Cierto, Jesús no hace de Dios una interpretación humanística, no lo reduce a confraternidad humana
(Mitmenschlichkeit)
. Tampoco diviniza al hombre. Tal divinización lo deshumanizaría tanto como su esclavitud. Sencillamente, fundamenta en la benevolencia de Dios para con los hombres la benevolencia de los hombres entre sí. De ahí que el criterio último sea siempre el mismo: Dios quiere el bien del hombre.
Algunas cosas aparecen así bajo un prisma distinto. Puesto que
el hombre está en juego
,
Jesús, que vive de ordinario en la observancia de la Ley, no vacila en transgredirla; Jesús condena la corrección y tabuización ritual, poniendo en lugar de la pureza ritual la pureza del corazón;
Jesús rechaza el ascetismo del ayuno, prefiriendo que le tachen, hombre entre hombres, de comilón y borracho; Jesús no tiene ningún escrúpulo ante el sábado, sino que declara al propio hombre medida de la Ley
[19]
.
Otra vez tenemos a la vista el
escándalo
que horroriza a todo judío piadoso. La relativización es enorme: las más santas tradiciones e instituciones del pueblo pierden su relevancia, se tornan indiferentes. ¿Dónde, si no es aquí, va a estar la razón del insalvable recelo, del implacable odio de los sacerdotes y teólogos frente a Jesús? Quien relativiza el ordenamiento legal y ritual socava asimismo los cimientos de la
jerarquía
.
¿Qué significa esto? Que el
servicio al hombre
tiene
prioridad sobre el cumplimiento de la Ley
. No se pueden fijar normas e instituciones absolutas. Jamás el hombre debe ser sacrificado a presuntas normas o instituciones absolutas. No se trata de revocar o eliminar toda norma o institución, sino de evaluar todas las normas e instituciones, todos los mandamientos y leyes, todos los reglamentos y estatutos, todos los ordenamientos y reglas, todos los dogmas y decretos, todos los códigos y párrafos bajo este único criterio: si han sido hechos o no para el hombre. El hombre es la medida de la Ley. Sólo desde este ángulo será posible distinguir críticamente lo que es correcto o incorrecto, esencial o indiferente, constructivo o destructivo, ordenamiento bueno o malo.
La
causa de Dios
no es la Ley, sino el
hombre
. El propio hombre pasa a ocupar el lugar del ordenamiento absolutizado de la Ley:
humanidad
en lugar de legalismo, institucionalismo, juridicismo, dogmatismo. La voluntad del hombre no suplanta a la voluntad de Dios, sino que la voluntad de Dios se concreta a partir de la concreta situación del hombre y de los hombres, sus próximos.

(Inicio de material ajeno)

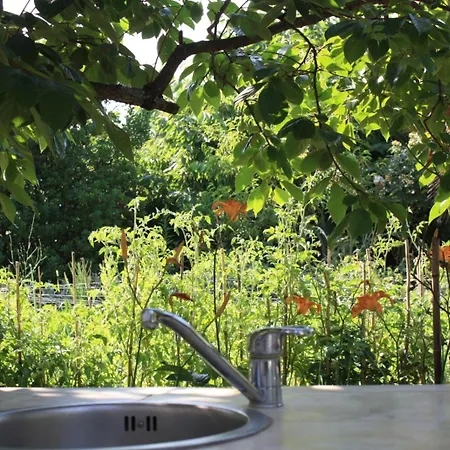 בית נופש Robinson House In Vrvari With Balcony, Air Conditioning, Wifi, Dishwasher 5195-2 *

¿Qué significa esto? Que la
reconciliación y el servicio cotidiano al prójimo
tienen
prioridad sobre el servicio divino
y la observancia del calendario cultual. Culto, liturgia y servicio divino no pueden ser absolutizados. Jamás el hombre debe ser sacrificado a presuntos ritos o usos religiosos vinculantes con carácter absoluto. No se trata de revocar o eliminar todo culto y toda liturgia, sino de evaluar todo culto y liturgia, todos los ritos y costumbres, todas las prácticas y ceremonias, todas las fiestas y celebraciones bajo este único criterio: si han sido hechos o no para el hombre. El hombre es también la medida del servicio divino. Sólo desde este ángulo será posible distinguir críticamente lo que en el culto y la Liturgia es correcto o incorrecto, importante o accesorio, servicio divino bueno o malo.
La
causa de Dios
no es el culto, sino el
hombre
. El propio hombre pasa a ocupar el lugar de la liturgia absolutizada:
humanidad
, en lugar de formalismo, ritualismo, liturgismo, sacramentalismo. El servicio del hombre no suplanta el servicio de Dios, sino que el servicio de Dios jamás dispensa del servicio del hombre, ya que en él perdura y se afirma.
Cuando se dice que Dios, y con él el servicio divino, es la razón determinante del hombre, debe recordarse al mismo tiempo que también el hombre, y su mundo con él, es la realidad determinante del mismo Dios. Las indicaciones de Dios no quieren más que ayudar y servir al hombre. Nadie puede, por tanto, tomar en serio a Dios y su voluntad si no hace lo mismo con el hombre y su bien. La humanidad del hombre viene exigida por la humanidad del mismo Dios. La ofensa a la humanidad del hombre cierra el paso al verdadero servicio de Dios. La humanización del hombre es presupuesto del verdadero servicio de Dios. De modo que ni el servicio de Dios puede reducirse a puro servicio del hombre ni el servicio del hombre a puro servicio de Dios. Pero podemos y debemos decir que el auténtico servicio divino es a la par servicio humano y que el auténtico servicio humano es a la par servicio divino.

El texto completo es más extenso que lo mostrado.